Looking back at one of the Gazette’s favorite illustrators
By Samuel Hughes
Over the years, the Gazette has had the pleasure of working with some wonderful artists and photographers, and in the coming issues we will be highlighting the work of several. But for our first Centennial issue, Arnold Roth seemed a natural choice.
He has illustrated no less than 11 covers for us—including the one for this issue—as well as countless pieces for the inside of the magazine. Well, maybe not countless, but none of us can count very well, and Roth doesn’t have any idea either, so we’ll just say lots and leave it at that.
We consider ourselves very, very lucky. His work, as the selection here confirms, always seems to capture the essence of a story in a way that is irreverent, insightful, and often hilarious.

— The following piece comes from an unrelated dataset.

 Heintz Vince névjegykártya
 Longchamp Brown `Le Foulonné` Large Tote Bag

Roth enjoys tweaking history, and he knows a thing or two about anniversary issues. His first cover for the Gazette, in March 1975, featured an anonymous Founding Father laughing so hard at something he’s just added to the Constitution that he’s falling over backwards, sending his double-barreled inkstand flying off the table. When the University celebrated its 250th anniversary in 1990, Roth illustrated the Gazette’s entire 128-page anniversary issue. (The cover featured Ben Franklin holding a 250th-anniversary T-shirt, hot off an 18th-century printing press.)

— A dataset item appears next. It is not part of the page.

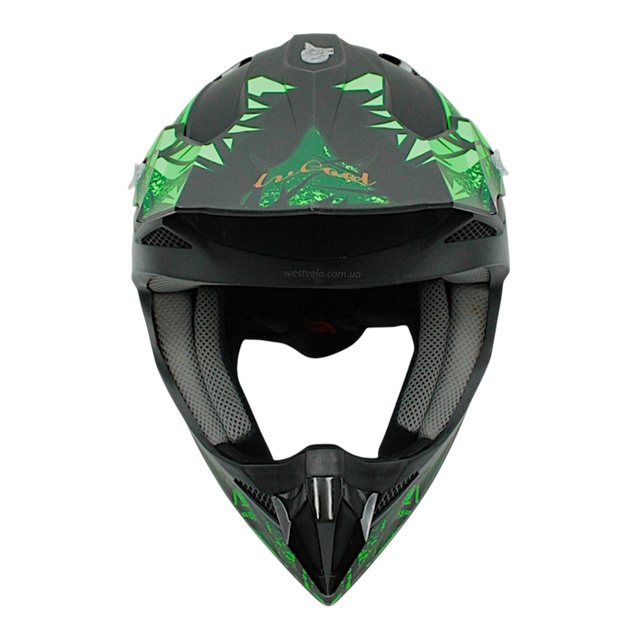 Шолом, закритий крос/ендуро (L ) (59-60) АТV Forsage Rider  027 чорно-салатовий матовий з дашком + окуляри фото westvelo.com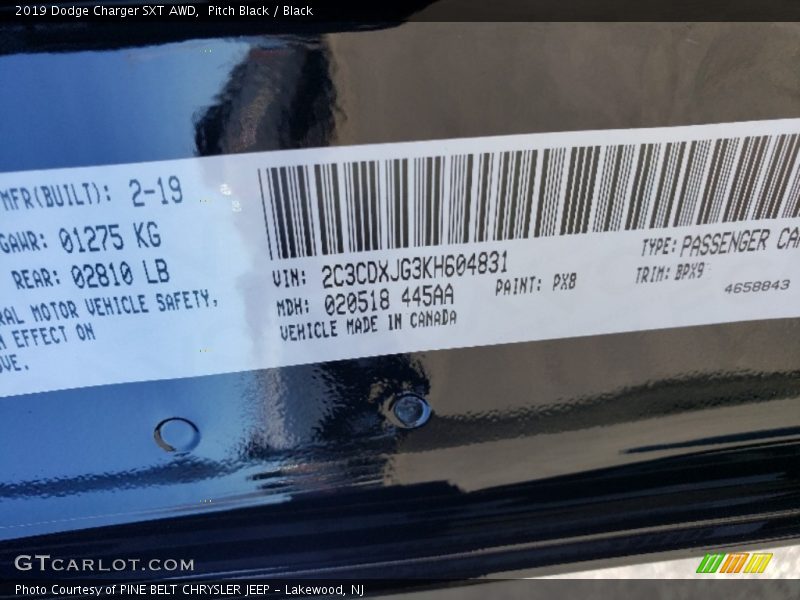 Pitch Black / Black 2019 Dodge Charger SXT AWD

Roth doesn’t remember when his first illustration for the Gazette was, or who the editor was at the time, though he thinks he “might have been doing work for the Gazette in the late ’50s even.” But he’s not sure.

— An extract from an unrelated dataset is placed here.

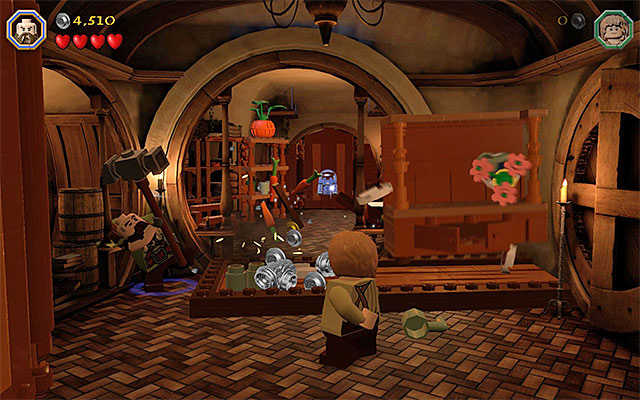 The spot where you push the obstacle - Stage 2 (An Unexpected Party): The Party | Walkthrough | LEGO The Hobbit - Walkthrough - LEGO The Hobbit Game Guide & Walkthrough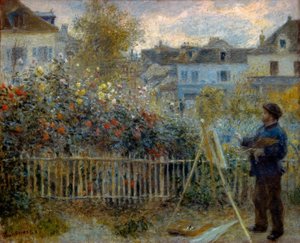Monet schilderend in zijn tuin in Argenteuil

“I remember a few covers,” he says. “Of course I remember the 250th one, with Ben Franklin and the printer. I did that entire issue. And of course I remember the baseball one.” That was the cover of our July/August issue in 1999, which featured a puckish depiction of the Philadelphia Phillies for our cover story on the team’s president, David Montgomery W’68 WG’70. It was a subject close to his heart, he admits: “I’ve cheered for the Phillies my entire life, which is more than theyhave done.”
That loyalty is characteristic. Although the 71-year-old Roth has lived in Manhattan for the last two decades, he still loves the city where he spent his first half-century, and he clearly delights in working on Philadelphia-related subjects. He has a similar fondness for Penn, even though he didn’t go there.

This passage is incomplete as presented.